Gaussian_lambda(lambda0.5_σ600・800・1000)

一番最初にσにponanza定数に使われている600をなんとなく使ってみたが、lambdaの下げ幅が大きすぎるのか全然強くなりませんでした。
σ=600~1200位まで色々な数値をlambdaとの組み合わせ50パターン程学習を試しました。
色々な数値を試した結果、σ=900~1000辺りが良いという結論に達しました。

σ=900の時はまあまあmove accuracyが良かったが、test_cross_entropyがやや悪くなる。
σ=1000の方がmove accuracyが悪かったが、test_cross_entropyが良くなる。(move accuracy・test_cross_entropyは、YaneuraOuの学習logで使用されている数値です。
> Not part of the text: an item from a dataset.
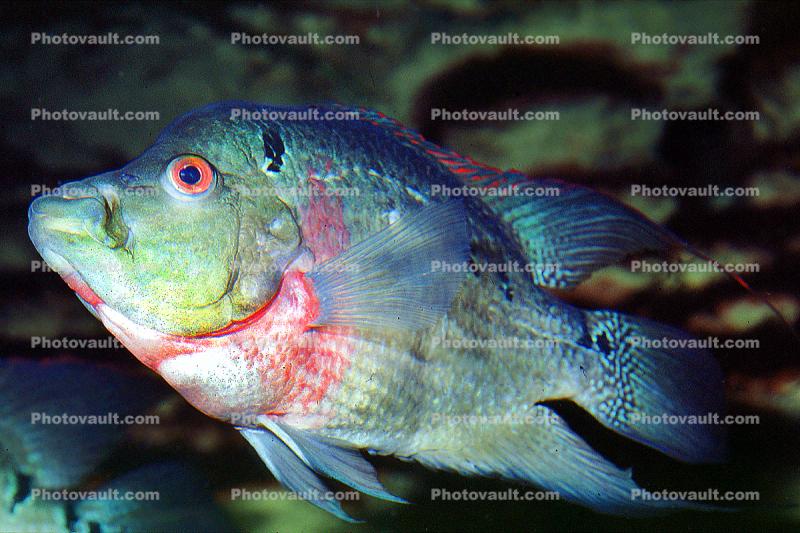 Cichlid [Cichlidae]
)
特にσ=1000付近が最も強そうでしたが、膨大なパターンが試せず断定は出来ませんでした。

評価値無限大、即ち勝率100%の時の局面でlambdaは0が理想であるはずなので、lambdaと勝率の間には明確な関係があると仮定してσの値を決める事にしました。

統計学でのガウス関数のグラフでは、横軸に標準偏差σが使用されます。
Gaussian_lambdaをグラフにした場合、グラフの横軸が評価値xになり、縦軸がlambdaになります。
正規分布近似の信頼区間1σの確率は約0.6827ですが、x=0の時の確率が0.5からスタートする場合、信頼区間1σの確率は、0.6827/2 +0.5 ≒0.841 になります。

現在多くの将棋プログラムが、勝率=1/(1+exp(-評価値/600)) になっており、
評価値=-600*log((1/勝率)-1) である事から、
勝率84.1%の評価値≒999.4 になるので分かりやすいように切り上げてσ=1000に決定しました。
(この評価値算出のシグモイド関数の600というポナンザ定数を仮に300に変更した場合は、 σ=500に変更する必要があり、ポナンザ定数=360の時はσ=600に変更する必要があります。)

Gaussian_lambda(σ1000_lambda0.6・0.5・0.4)

σ=1000が正解の値なのかはわかりませんが、実験でも一番良い結果だったのでこれで良しとします。もしかしたら全く違う値が正解の可能性も無いとは言えないですが、もう実験するのがきつくてモチベーションが続かないので、誰かが正解の値を見つけるまではこのままで行きます。上の計算結果は、自分を納得させる為のこじつけみたいなものです。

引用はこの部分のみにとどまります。